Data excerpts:
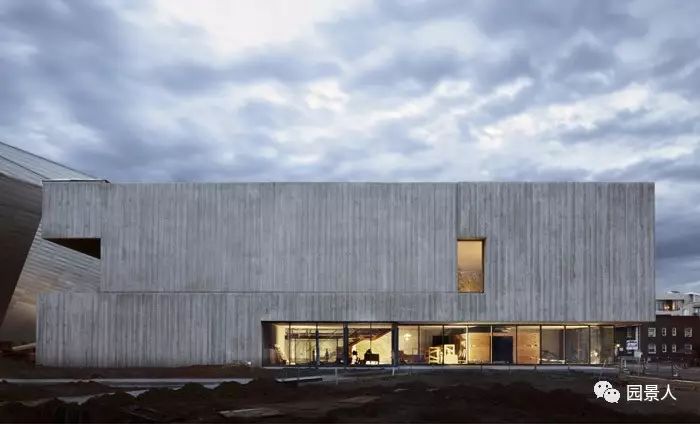 怎么做可以玩的混凝土,各种混凝土用法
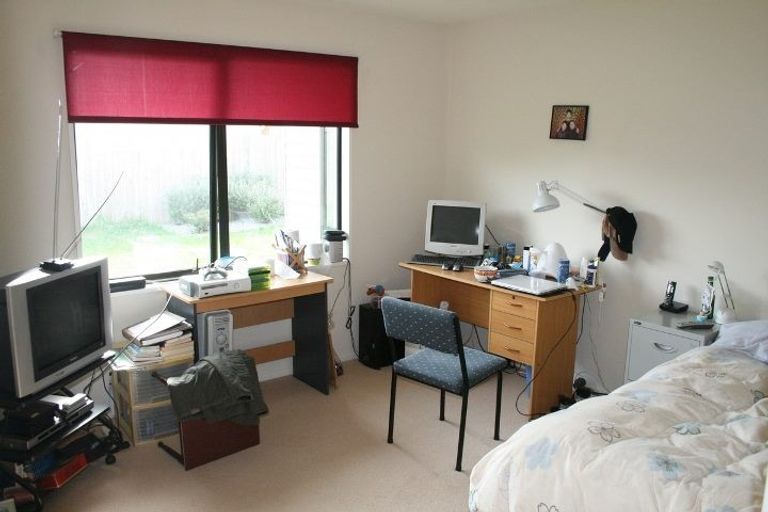 Photo of property in 17 Mosquito Place, Wigram, Christchurch, 8042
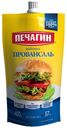 Майонез «Печагин» Провансаль 67%, 400 мл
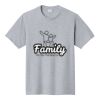 Fan Favorite Tee Thumbnail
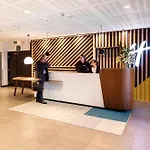 فندق Bordeaux Sud - By Ihg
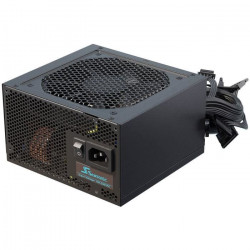 SEASONIC Alimentation PC G12 GC-750 - 750W - GOLD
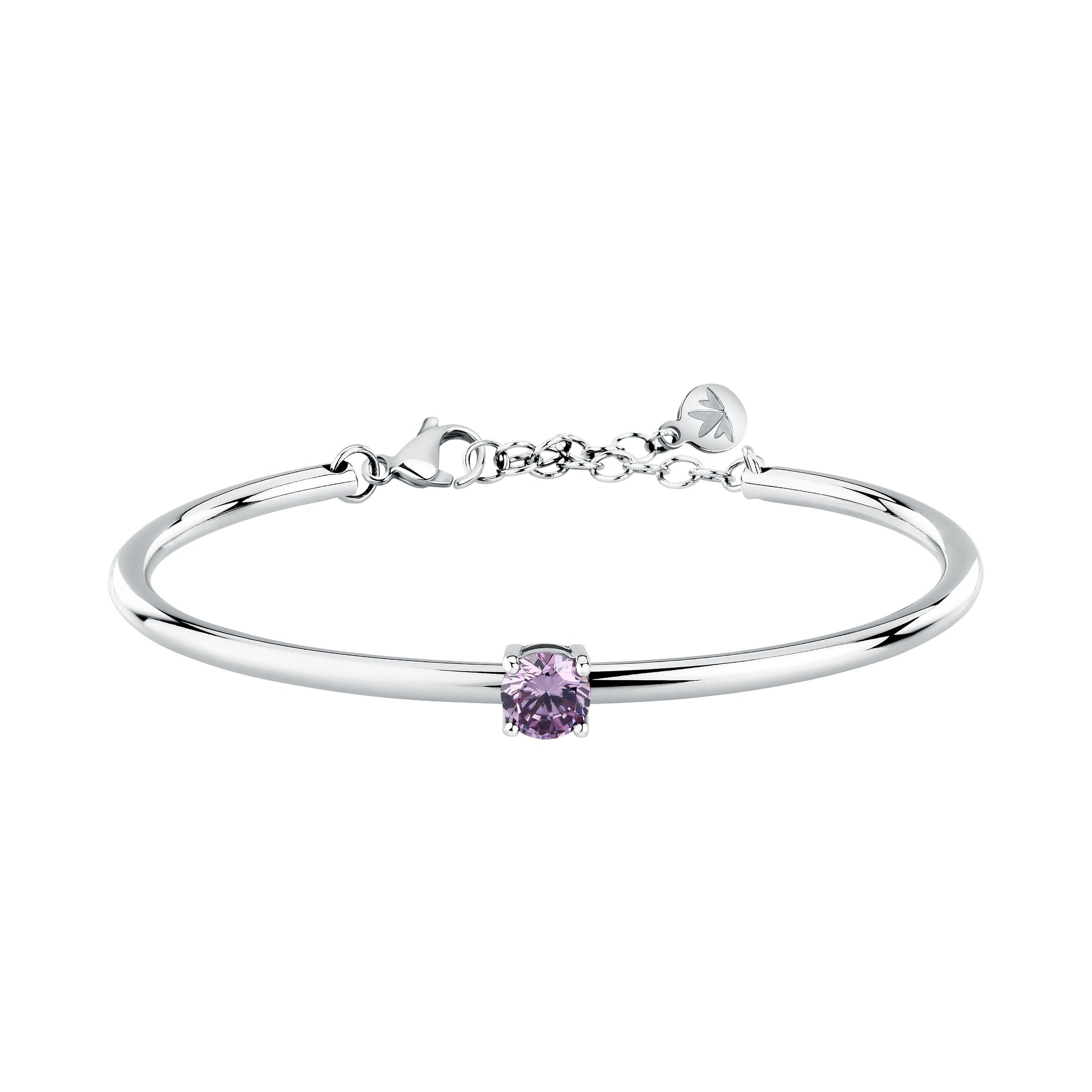 MORELLATO CERCHI SAKM95 Women's Bracelet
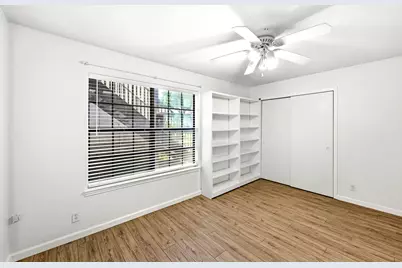 2215 Post Road #1026, Austin, TX 78704 - Photo 20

EXERCISE:
No picture belongs in the answer; the rest of the records must be repeated exactly.

TASK SOLUTION:
 怎么做可以玩的混凝土,各种混凝土用法
 Photo of property in 17 Mosquito Place, Wigram, Christchurch, 8042
 Майонез «Печагин» Провансаль 67%, 400 мл
 Fan Favorite Tee Thumbnail
 فندق Bordeaux Sud - By Ihg
 SEASONIC Alimentation PC G12 GC-750 - 750W - GOLD
 MORELLATO CERCHI SAKM95 Women's Bracelet
 2215 Post Road #1026, Austin, TX 78704 - Photo 20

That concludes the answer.